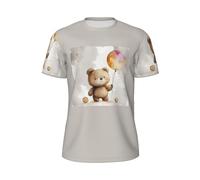 T-shirt à manches courtes imprimé montgolfières et ours pour homme - Respirant - Athlétique - Gym - Sports d'été - Mode fitness, Noir, XS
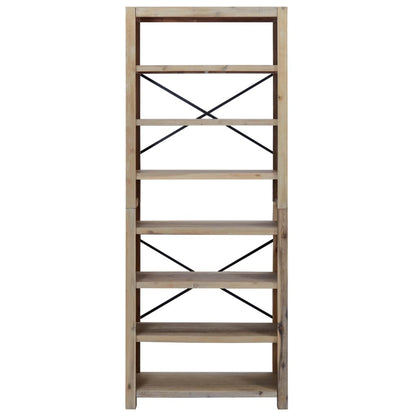 Boekenkast Met 7 Schappen 80X30X200 Cm Massief Acaciahout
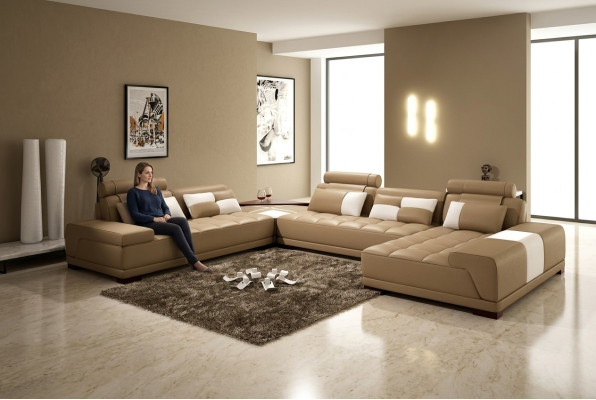 Leather sofa with USB sofa cushions seat corner living landscape couch corner suite PH376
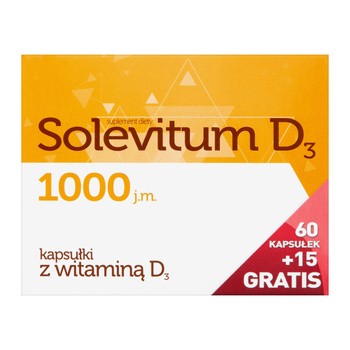 Solevitum D3 1000, kapsułki, 75 szt. (60 szt. + 15 szt.)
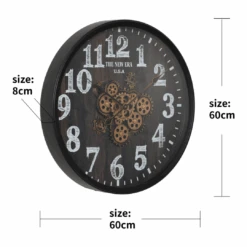 Round New Era Moving Cogs Wall Clock 60cm Black -Party Supplies Store Round New Era Moving Cogs Wall Clock 60cm Black p7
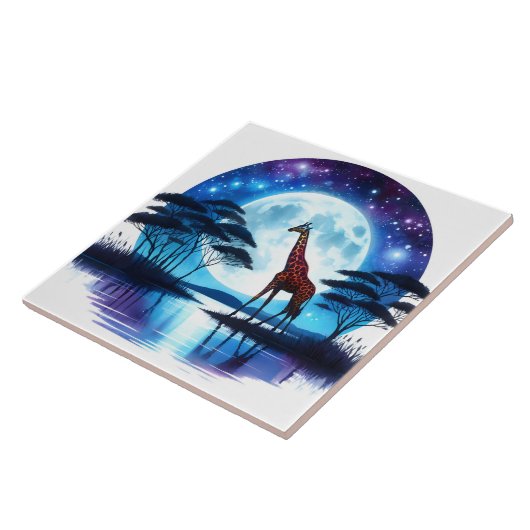 Giraffe am Serensee Unter dem Vollmond Fliese (Seite)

• **Task description**:
Would you transcribe all of the data exactly, apart from its pictures?

• **Result**:
 T-shirt à manches courtes imprimé montgolfières et ours pour homme - Respirant - Athlétique - Gym - Sports d'été - Mode fitness, Noir, XS
 Boekenkast Met 7 Schappen 80X30X200 Cm Massief Acaciahout
 Leather sofa with USB sofa cushions seat corner living landscape couch corner suite PH376
 Solevitum D3 1000, kapsułki, 75 szt. (60 szt. + 15 szt.)
 Round New Era Moving Cogs Wall Clock 60cm Black -Party Supplies Store Round New Era Moving Cogs Wall Clock 60cm Black p7
 Giraffe am Serensee Unter dem Vollmond Fliese (Seite)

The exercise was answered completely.